Our secret of long-life had to wait for another day !!
I asked Jason Chin to review the above text and he added following comment.
I think computer scientists should have no problem to understand percolation (it is just like the power of adjacent matrix to some degree.) I guess what most of them dont get is the qausi-phase-transistion. A different community understands that better. There are many nice papers on applying the phase- transistion idea for the k-SAT problem. (In general, very rigorous mathematical work.)
One problem in quantitive biology is that some people are yet to understand the value of rigorous work like mathematicians and know how to make good approximations and justify them like physicists.
Also the quasi-phase-transition peak gives a natural choice of the percolation parameter.
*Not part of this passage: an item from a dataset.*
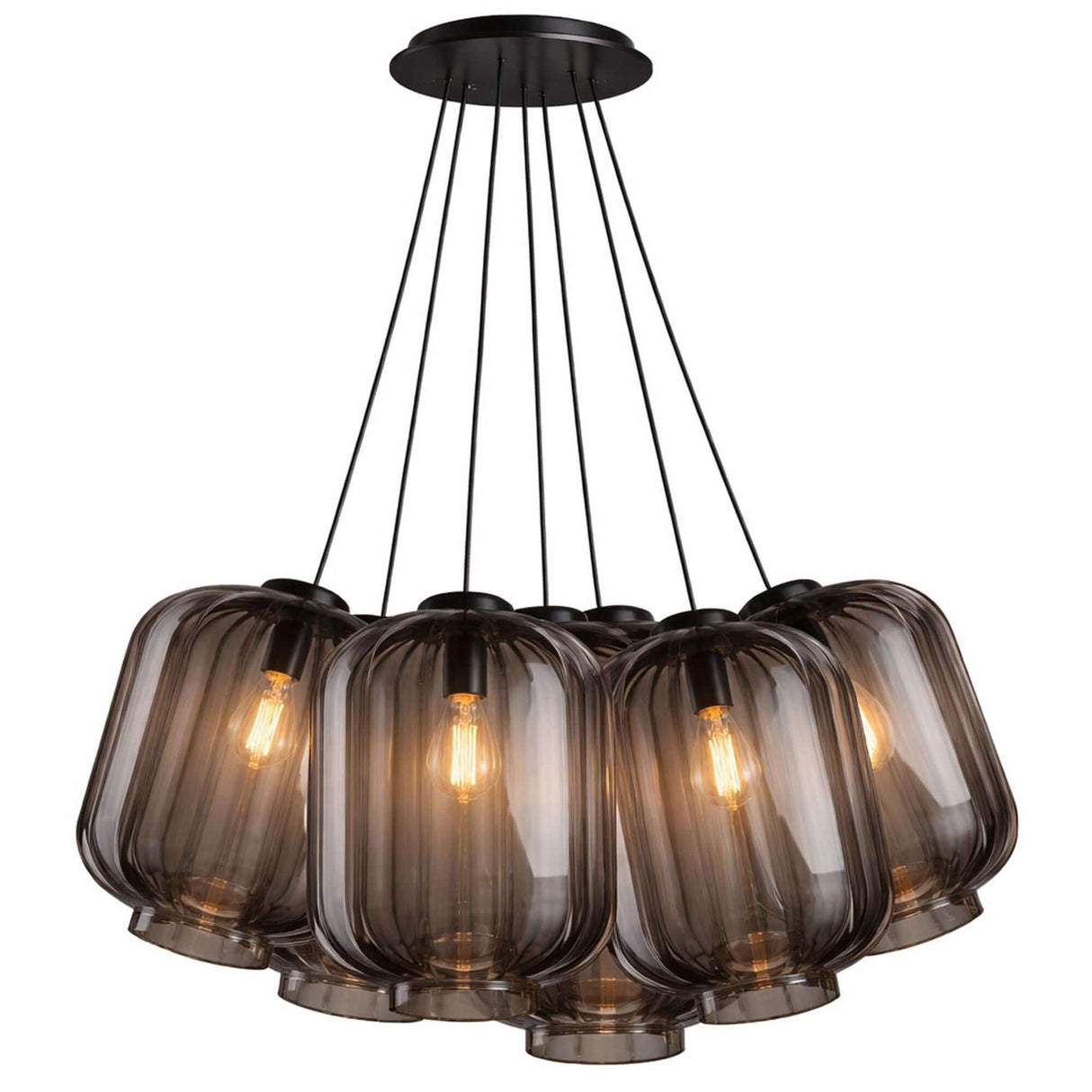 s.luce Velo Cluster Glas-Pendelleuchte 7-flammig 7x25cm mit sieben rauchglas Leuchten und Kabeln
Not sure how that relates to the parameter in Kellis paper. I have not read the paper so I have no clue at all.
Method 3. Finding cliques
Around the same time, Shoudan looked into the third approach, namely finding cliques of various sizes/fuzziness and checking whether they were present in the network in statistically significant number. One thing about cliques - computer scientists understand them and love them. The second thing about cliques - they were lousy methods to understand yeast protein interaction network based on our experience.
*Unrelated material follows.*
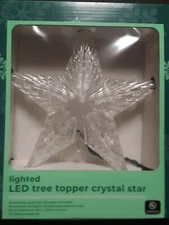 Home by Rite-Aid Lighted Shimmering Crystal Star Tree Topper 8.2" in Ht/Wt. NEW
Finding cliques is not easy and Shoudan made great algorithmic progress. Since we could not apply it in protein-interaction network or rather the method 1 worked spectacularly well compared to this one, we decided to apply his approach to DNA motif sequences and send a paper to CSB conference.
The cWINNOWER algorithm detects fuzzy motifs in DNA sequences rich in proteinbinding signals. A signal is defined as any short nucleotide pattern having up to d mutations differing from a motif of length l. The algorithm finds such motifs if a clique consisting of a suffciently large number of mutated copies of the motif (i.e., the signals) is present in the DNA sequence. The cWINNOWER algorithm substantially improves the sensitivity of the winnower method of Pevzner and Sze by imposing a consensus constraint, enabling it to detect much weaker signals. We studied the minimum detectable clique size qc as a function of sequence length N for random sequences. We found that qc increases linearly with N for a fast version of the algorithm based on counting threemember sub-cliques. Imposing consensus constraints reduces qc by a factor of three in this case, which makes the algorithm dramatically more sensitive. Our most sensitive algorithm, which counts four- member sub-cliques, needs a minimum of only 13 signals to detect motifs in a sequence of length N=12,000 for (l,d)=(15,4).